Single by Sangiovanni
- Released: 7 February 2024
- Length: 3:11
- Label: Sugar Music; Universal;
- Songwriter(s): Sangiovanni; Pietro Milano; Fabio Campedelli; Andrea "Sixpm" Ferrara; Federico Vaccari;
- Producer(s): Sixpm; 2nd Roof;

Sangiovanni singles chronology
| "Americana" (2023) | "Finiscimi" (2024) | "Luci allo xeno" (2025) |

Music video
- "Finiscimi" on YouTube

= Finiscimi =

"Finiscimi" (lit. 'Finish me') is a song by Italian singer Sangiovanni. It was released on 7 February 2024 by Sugar Music.

The song was Sangiovanni's entry for the Sanremo Music Festival 2024, the 74th edition of Italy's musical festival that doubles also as a selection of the act for the Eurovision Song Contest, where it placed 29th out of 30 in the grand final.

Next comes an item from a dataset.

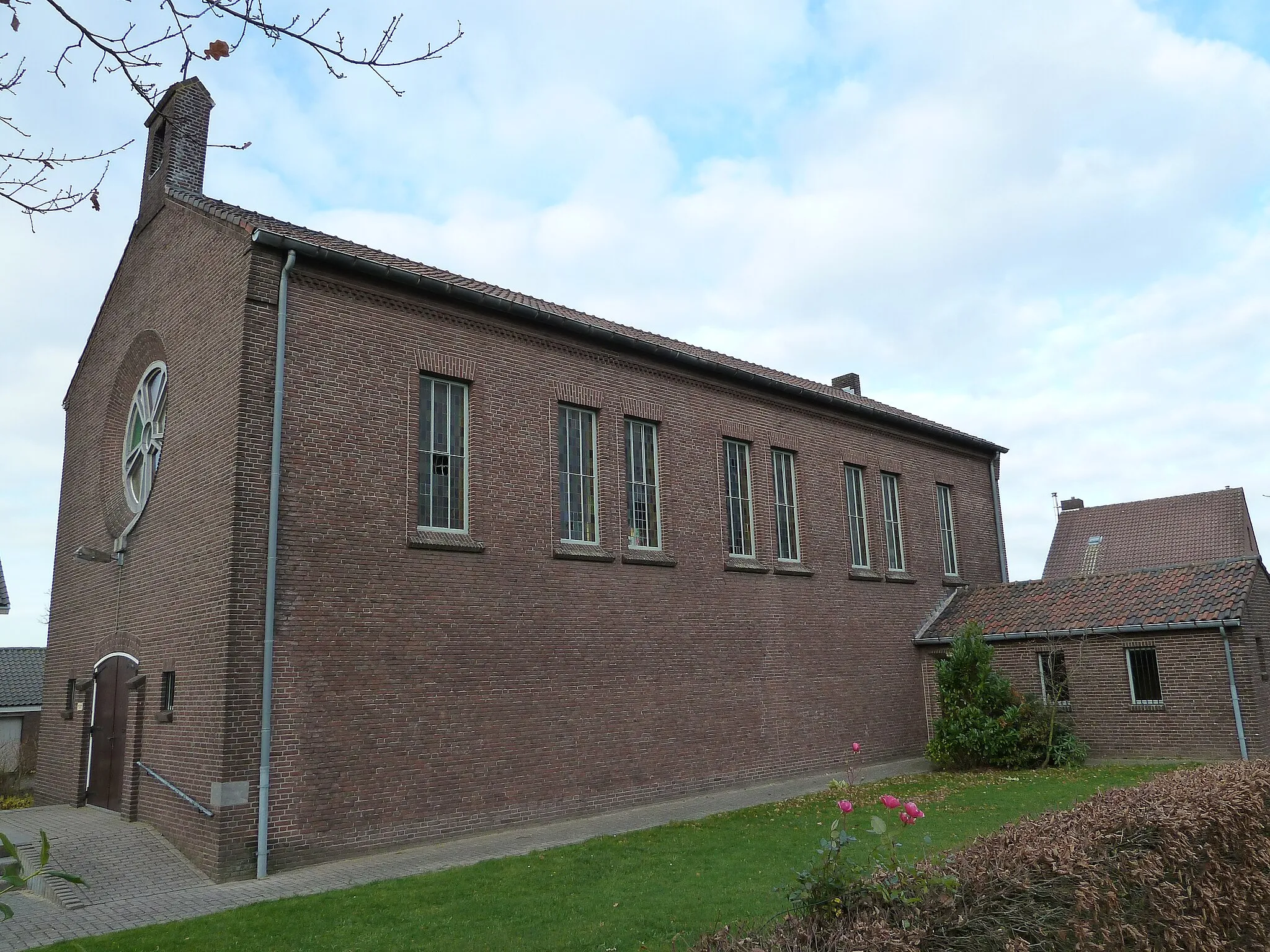 Photo showing: Church Huls, Simpelveld, Limburg, the Netherlands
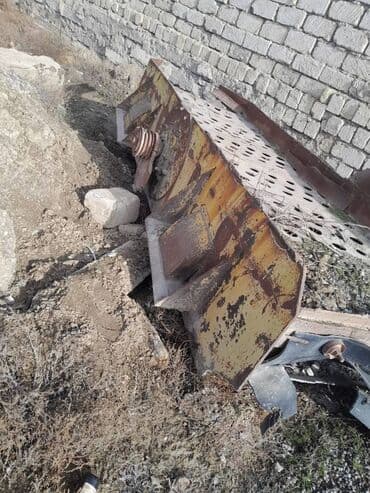 ƏLək 1 metr 20 sm,uzunluq 3 metr 20 sm. elek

After the disappointing performance of the song at Sanremo, Sangiovanni announced that he would take a break from music. The release of the new album and the related concert event were also cancelled.

==Music video==
The music video for "Finiscimi", directed by Byron Rosero, was released on the same day via Sangiovanni's YouTube channel.

==Charts==

| Chart (2024) | Peak position |
|---|---|
| Italy (FIMI) | 28 |
| Italy Airplay (EarOne) | 60 |

==Certifications==

| Region | Certification | Certified units/sales |
| Italy (FIMI) | Gold | 50,000^{‡} |
^{‡} Sales+streaming figures based on certification alone.